┌──

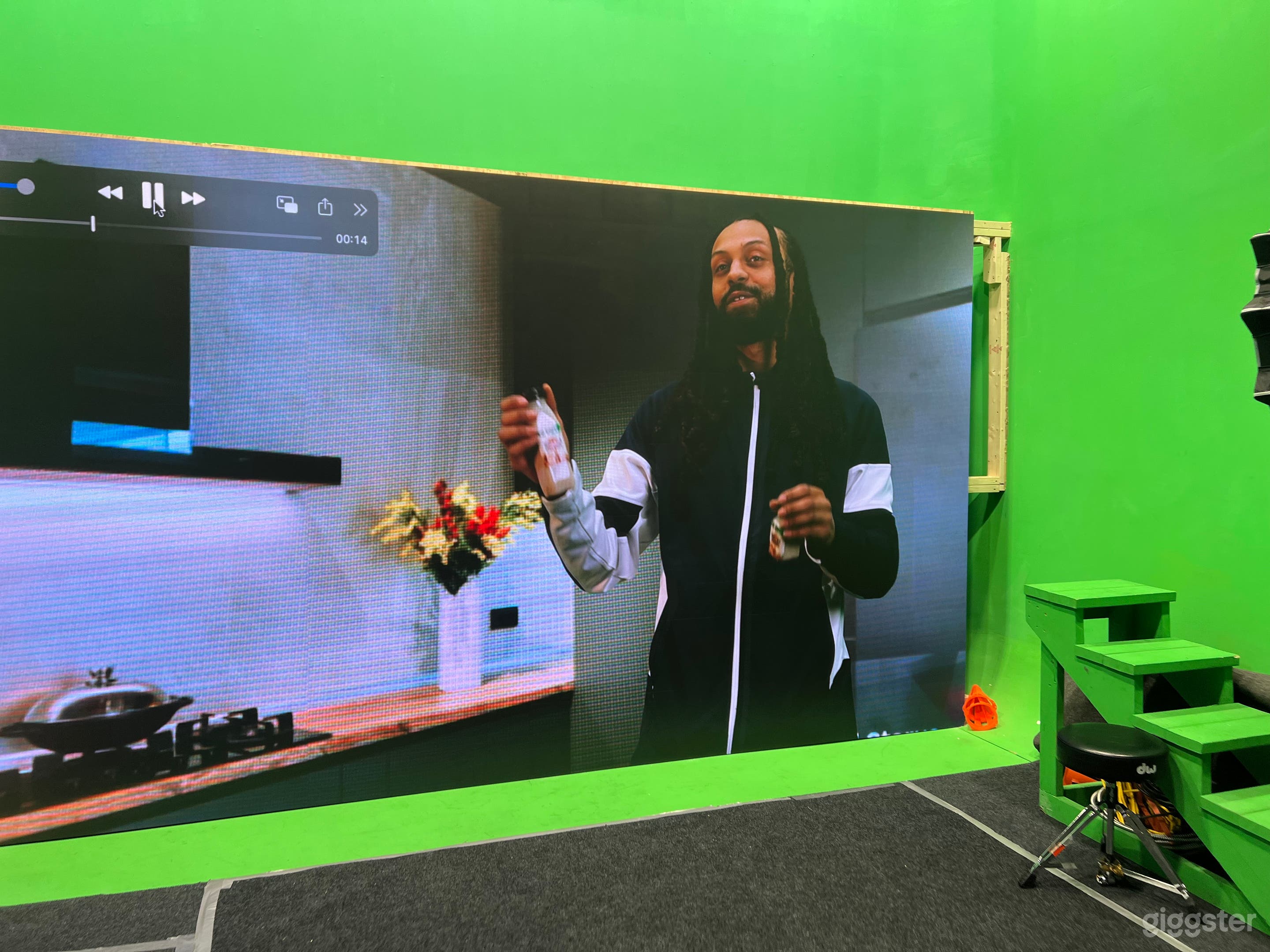 15X10 LED WALL Photo 2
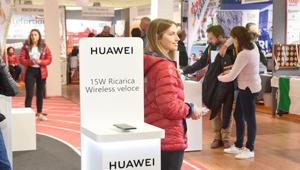 Su il sipario sul 29^ Exposport Huawei Venicemarathon Village che accoglierà circa 20.000 persone tra atleti, pubblico, studenti, famiglie e appassionati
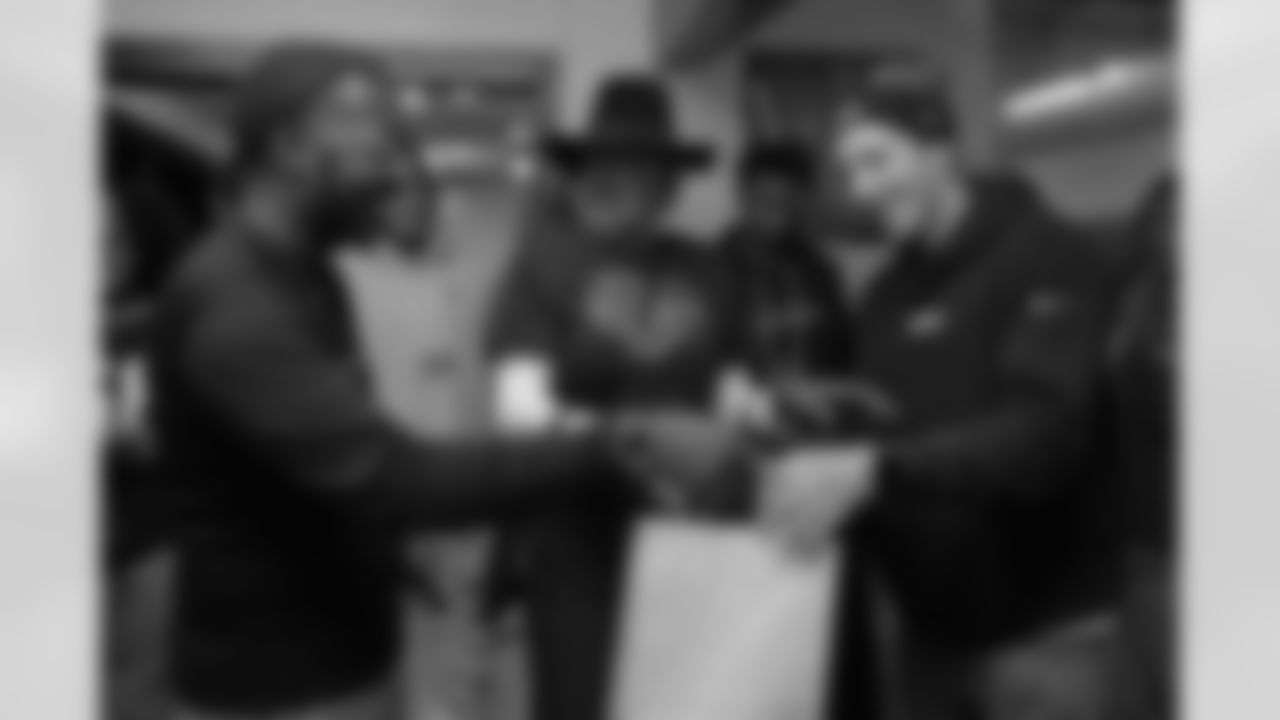 ThanksgivingTurkeys_112125ph49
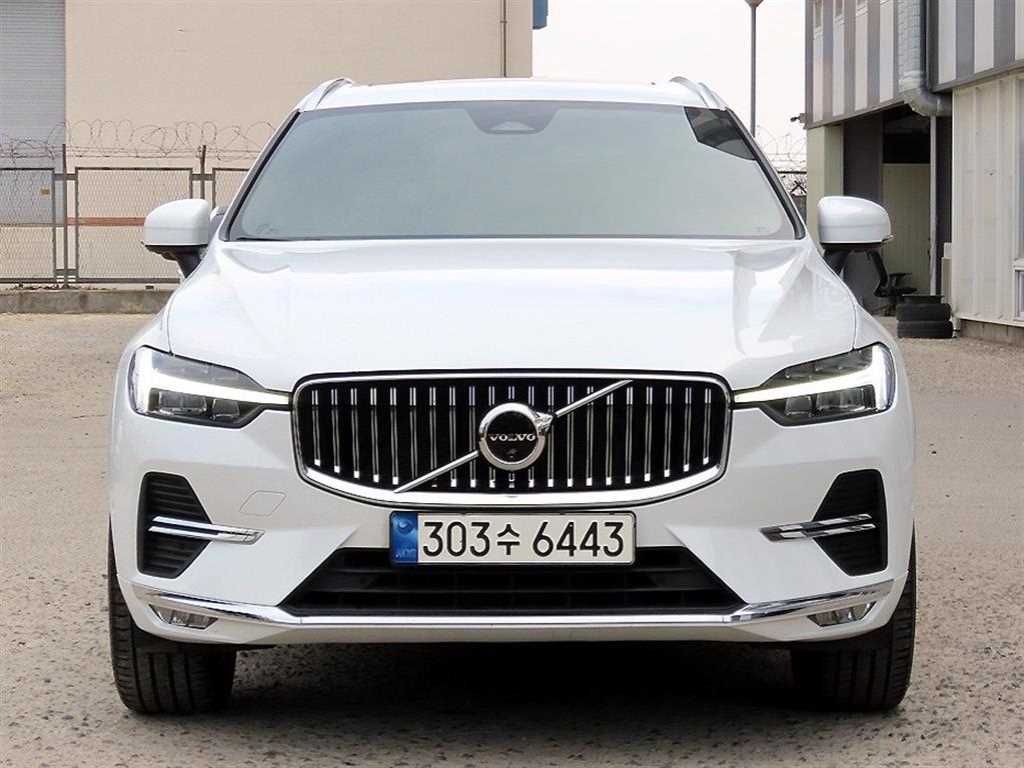 XC60(2세대) B5 AWD 얼티메이트 브라이트 2024년식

└──

§ **EXERCISE REQUIREMENTS**: When you restate the listing, keep every word as it is and drop the pictures.

§ **RESULT OF THE TASK**:
 15X10 LED WALL Photo 2
 Su il sipario sul 29^ Exposport Huawei Venicemarathon Village che accoglierà circa 20.000 persone tra atleti, pubblico, studenti, famiglie e appassionati
 ThanksgivingTurkeys_112125ph49
 XC60(2세대) B5 AWD 얼티메이트 브라이트 2024년식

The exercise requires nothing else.